Our classical Christian educational approach uniquely prepares students to become excellent mathematicians, scientists, engineers, and programmers.
By equipping them with both essential mathematical knowledge.
We help students to engage real mathematical challenges critically and creatively as individuals and in small groups. The teaching philosophy of modern math changes about every decade between a focus on memorization and algorithms and a focus on problem solving and soft skills. Classical education incorporates both into a coherent instructional methodology that equips students to be contributors to mathematical community. This means students work at hard and rewarding problems and then use that experience and understanding to creatively develop their own solutions.

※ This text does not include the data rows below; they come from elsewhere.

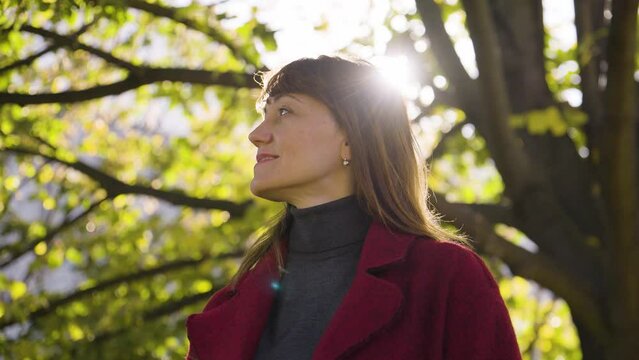 An attractive middle-aged Caucasian woman looks around and smiles in a park - closeup from below - behind her, sun shines through a tree crown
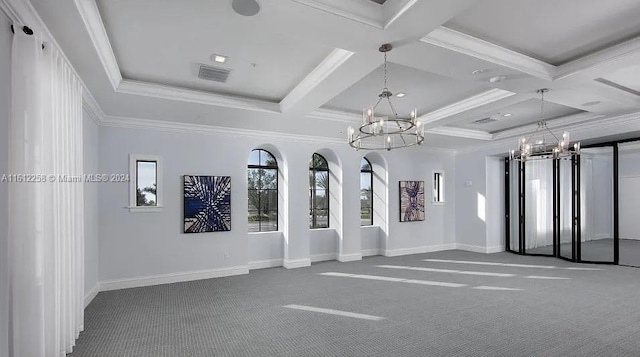 spare room featuring carpet flooring, ornamental molding, coffered ceiling, beamed ceiling, and a chandelier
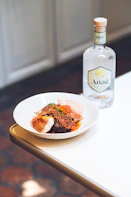a white plate topped with food next to a bottle of alcohol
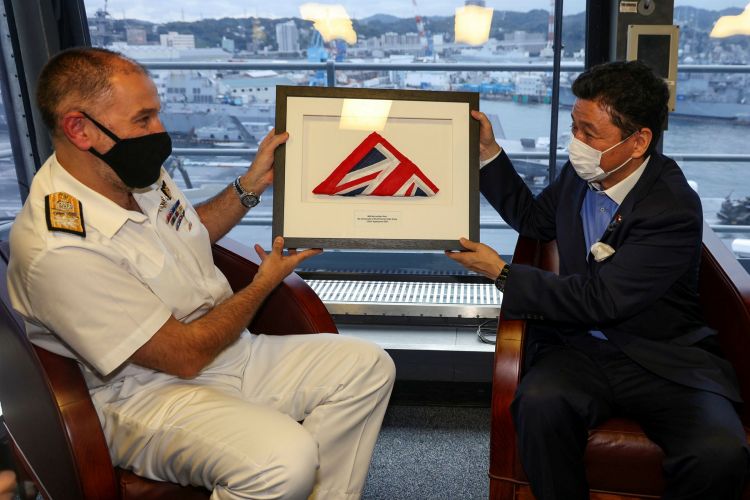 Cdre Moorhouse presents Japanese Defence Minister Kishi with the White Ensign that flew as HMS Queen Elizabeth entered Japan 6 Sept 2021 FLEET-20210906-AV0050-053 CREDIT Crown Copyright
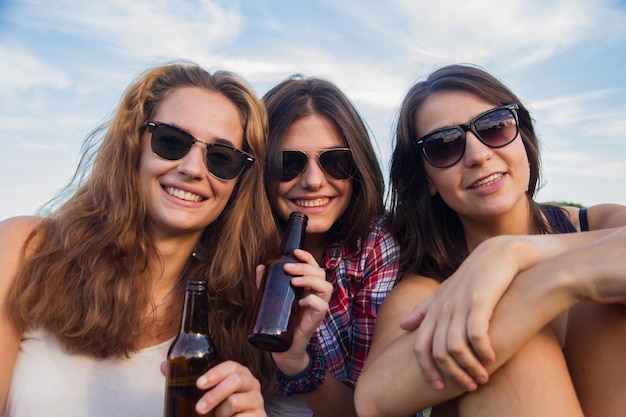 Young women drinking beer in the park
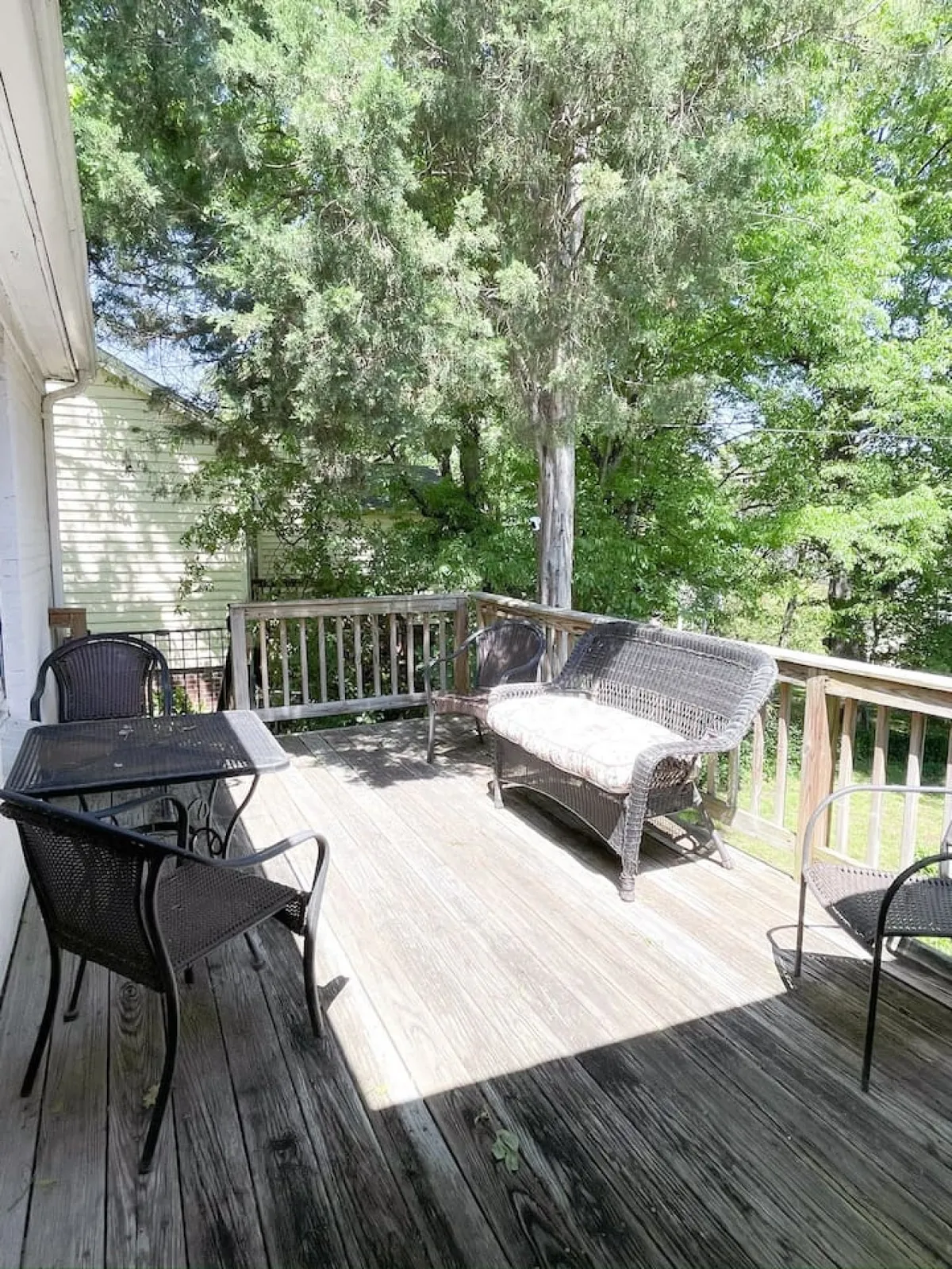 A tranquil exterior wooden deck set amidst abundant greenery, featuring comfortable wicker furniture. The scene exudes a calm, laid-back atmosphere ideal for unwinding after exploring the neighborhood, with hints of sunset or morning light filtering through the trees.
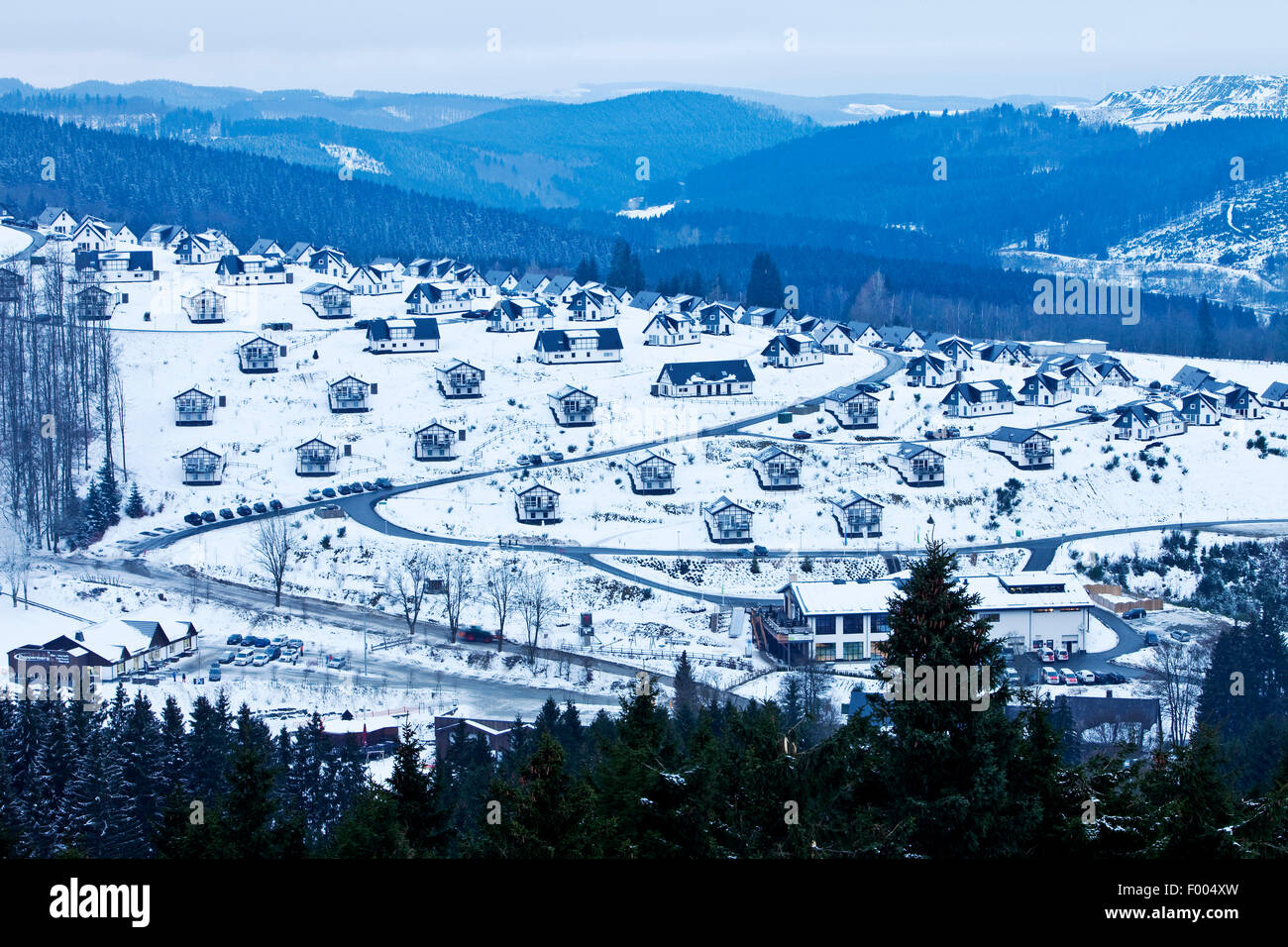 holiday settlement in snow, Germany, North Rhine-Westphalia, Sauerland, Winterberg Stock Photo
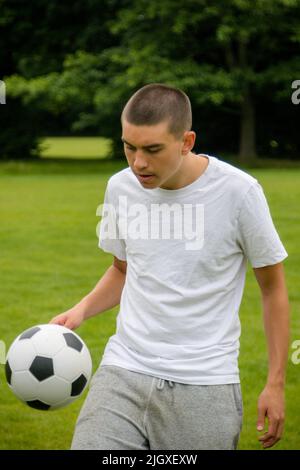 Ein neunzehnjähriger Jugendlicher, der in Einem öffentlichen Park Fußball spielt Stockfoto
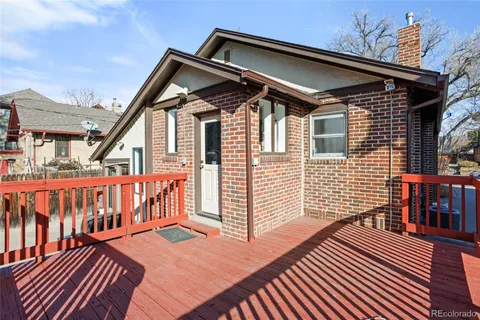 a front view of a house with wooden deck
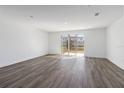 Bright living room with wood floors and sliding glass doors to the backyard at 1096 Desert Candle Dr, Ocoee, FL 34761
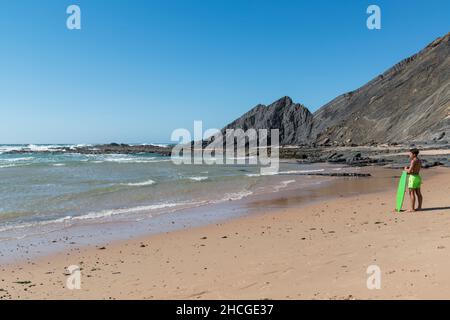 Junger Mann in fluoreszierenden grünen Badehosen mit einem Surfbrett der gleichen Farbe blickt auf das Meer am Strand Praia da Amoreira an der Algarve, Portugal. Stockfoto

Good, hard problems have table stakes.
It’s the mathematical grammar that makes a problem accessible. We spend time drilling the fundamentals. We emphasize internalizing vocabulary, algorithms, and new techniques. Not for their own sake, but to allow students to work on problems that point them at beauty and truth.
Ad Fontes students are not intimidated by new or difficult challenges and are exceptionally prepared to engage with mathematics in a changing world that requires curiosity and initiative. Our graduates are exceedingly well prepared for success in technical college and career fields.
Upper School Courses
Algebra I
The foundation for our upper level courses is laid in the routine of the Algebra I course. We build on the arithmetic and fundamentals of the arithmetic and Pre-Algebra courses, transitioning from the grammar to the dialectic stage. Much of the year is spent firmly in grammar mode, so that students can solidify basic concepts. We emphasize solving and graphing equations, with a later focus on factoring polynomials, to prepare students for the rigor of the future classes. Students reinforce and strengthen skills through small group engagement.
Algebra II
Building on the formative work students have done in Euclidean Geometry, this course cements the idea that explanation and argumentation are central to mathematical work. We approach algebra with Diophantus, discussing what constitutes an algebraic proof and tracing Diophantus’s arguments. After Diophantus, we derive the quadratic formula from first principles, and dig into conic sections. The year culminates with an extended unit on trigonometric definitions and arguments, as students prove familiar theorems (like the perpendicular line theorem) and explore new theorems about triangles and circles.
Students learn to use programs – both calculator and computer – to help with the complex calculations their arguments require. By the end of the year, students will come to enjoy the creative play of constructing their own mathematical explanations about numbers, equations, and figures.
Geometry
Students will enter the Great Conversation as it pertains to mathematics, learning the foundational concepts of Geometry from the source. They will study the definitions, postulates, and common notions at the basis of Geometry as well as learn to follow and replicate deductive proofs, with attention to learning to justify their mathematical work, in this class and beyond. They will study plane and space figures, with special emphasis on congruence, similarity, and transformations. Using Euclid’s Elements as our text creates opportunity for discussion in class, as students study his proofs, come to class with questions, and discuss the concepts. In the first semester, students make monthly presentations of proofs, explaining these foundational concepts. By second semester, students engage in small group presentations to explain and support their reasoning for their answers.
Pre-Calculus
As the saying goes, there are many mansions in the house of mathematics. Pre-Calculus introduces students to the breadth and variety of mathematical thought. The year is organized as a series of short courses on number theory, data analysis, cryptography, analytic trigonometry, game theory, linear algebra, and graph theory. One aim of the course is to show students that there is something to love in mathematics for everyone. Throughout the course, we focus on functions as a tool to think about mathematical objects, and examine the different styles of argument and proof present in the different branches of mathematics. We read original sources, including some Euclid, Euler, and Diophantus. We also read modern mathematical writing, including texts by Conway, Rivest, Shamir, and Adleman, Calkin, and Wilf.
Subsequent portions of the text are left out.